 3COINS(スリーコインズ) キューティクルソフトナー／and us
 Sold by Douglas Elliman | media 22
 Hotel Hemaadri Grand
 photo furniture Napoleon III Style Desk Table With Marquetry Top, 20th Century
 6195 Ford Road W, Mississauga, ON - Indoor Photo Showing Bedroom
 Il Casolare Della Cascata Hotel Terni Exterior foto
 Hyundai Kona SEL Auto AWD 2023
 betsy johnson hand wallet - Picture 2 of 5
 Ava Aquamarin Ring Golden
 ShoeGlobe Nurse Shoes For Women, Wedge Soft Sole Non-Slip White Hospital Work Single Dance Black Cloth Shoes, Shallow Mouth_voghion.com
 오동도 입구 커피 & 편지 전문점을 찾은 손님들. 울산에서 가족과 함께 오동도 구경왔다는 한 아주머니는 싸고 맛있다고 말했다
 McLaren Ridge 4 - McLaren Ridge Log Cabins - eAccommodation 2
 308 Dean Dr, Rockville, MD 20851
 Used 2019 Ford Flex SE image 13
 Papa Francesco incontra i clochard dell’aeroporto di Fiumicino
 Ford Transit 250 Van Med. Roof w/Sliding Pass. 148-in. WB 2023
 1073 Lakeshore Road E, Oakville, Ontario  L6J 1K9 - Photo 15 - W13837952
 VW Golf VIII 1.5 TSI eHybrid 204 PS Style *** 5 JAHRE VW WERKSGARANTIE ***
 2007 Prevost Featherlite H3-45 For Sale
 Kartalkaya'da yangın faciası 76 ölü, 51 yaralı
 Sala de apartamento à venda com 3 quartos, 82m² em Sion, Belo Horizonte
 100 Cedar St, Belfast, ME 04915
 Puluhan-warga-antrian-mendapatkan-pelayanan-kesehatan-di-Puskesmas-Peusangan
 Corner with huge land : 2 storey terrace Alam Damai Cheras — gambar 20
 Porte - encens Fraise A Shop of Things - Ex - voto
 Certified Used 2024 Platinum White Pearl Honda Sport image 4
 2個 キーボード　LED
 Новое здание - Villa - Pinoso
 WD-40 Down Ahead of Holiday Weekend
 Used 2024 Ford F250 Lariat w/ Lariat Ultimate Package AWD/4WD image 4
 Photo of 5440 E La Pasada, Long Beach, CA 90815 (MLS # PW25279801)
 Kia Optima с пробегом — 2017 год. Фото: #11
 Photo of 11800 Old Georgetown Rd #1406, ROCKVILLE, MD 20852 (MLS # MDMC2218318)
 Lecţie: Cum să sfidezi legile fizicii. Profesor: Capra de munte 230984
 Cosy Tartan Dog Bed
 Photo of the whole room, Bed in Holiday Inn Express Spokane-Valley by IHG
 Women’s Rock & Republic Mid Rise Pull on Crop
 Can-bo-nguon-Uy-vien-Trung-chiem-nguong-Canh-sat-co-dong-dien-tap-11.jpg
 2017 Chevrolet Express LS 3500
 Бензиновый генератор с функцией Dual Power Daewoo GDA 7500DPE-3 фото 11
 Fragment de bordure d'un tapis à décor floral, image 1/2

....................

YOUR TASK:
Repeat all the material above, matching every character.

EXERCISE SOLUTION:
 3COINS(スリーコインズ) キューティクルソフトナー／and us
 Sold by Douglas Elliman | media 22
 Hotel Hemaadri Grand
 photo furniture Napoleon III Style Desk Table With Marquetry Top, 20th Century
 6195 Ford Road W, Mississauga, ON - Indoor Photo Showing Bedroom
 Il Casolare Della Cascata Hotel Terni Exterior foto
 Hyundai Kona SEL Auto AWD 2023
 betsy johnson hand wallet - Picture 2 of 5
 Ava Aquamarin Ring Golden
 ShoeGlobe Nurse Shoes For Women, Wedge Soft Sole Non-Slip White Hospital Work Single Dance Black Cloth Shoes, Shallow Mouth_voghion.com
 오동도 입구 커피 & 편지 전문점을 찾은 손님들. 울산에서 가족과 함께 오동도 구경왔다는 한 아주머니는 싸고 맛있다고 말했다
 McLaren Ridge 4 - McLaren Ridge Log Cabins - eAccommodation 2
 308 Dean Dr, Rockville, MD 20851
 Used 2019 Ford Flex SE image 13
 Papa Francesco incontra i clochard dell’aeroporto di Fiumicino
 Ford Transit 250 Van Med. Roof w/Sliding Pass. 148-in. WB 2023
 1073 Lakeshore Road E, Oakville, Ontario  L6J 1K9 - Photo 15 - W13837952
 VW Golf VIII 1.5 TSI eHybrid 204 PS Style *** 5 JAHRE VW WERKSGARANTIE ***
 2007 Prevost Featherlite H3-45 For Sale
 Kartalkaya'da yangın faciası 76 ölü, 51 yaralı
 Sala de apartamento à venda com 3 quartos, 82m² em Sion, Belo Horizonte
 100 Cedar St, Belfast, ME 04915
 Puluhan-warga-antrian-mendapatkan-pelayanan-kesehatan-di-Puskesmas-Peusangan
 Corner with huge land : 2 storey terrace Alam Damai Cheras — gambar 20
 Porte - encens Fraise A Shop of Things - Ex - voto
 Certified Used 2024 Platinum White Pearl Honda Sport image 4
 2個 キーボード　LED
 Новое здание - Villa - Pinoso
 WD-40 Down Ahead of Holiday Weekend
 Used 2024 Ford F250 Lariat w/ Lariat Ultimate Package AWD/4WD image 4
 Photo of 5440 E La Pasada, Long Beach, CA 90815 (MLS # PW25279801)
 Kia Optima с пробегом — 2017 год. Фото: #11
 Photo of 11800 Old Georgetown Rd #1406, ROCKVILLE, MD 20852 (MLS # MDMC2218318)
 Lecţie: Cum să sfidezi legile fizicii. Profesor: Capra de munte 230984
 Cosy Tartan Dog Bed
 Photo of the whole room, Bed in Holiday Inn Express Spokane-Valley by IHG
 Women’s Rock & Republic Mid Rise Pull on Crop
 Can-bo-nguon-Uy-vien-Trung-chiem-nguong-Canh-sat-co-dong-dien-tap-11.jpg
 2017 Chevrolet Express LS 3500
 Бензиновый генератор с функцией Dual Power Daewoo GDA 7500DPE-3 фото 11
 Fragment de bordure d'un tapis à décor floral, image 1/2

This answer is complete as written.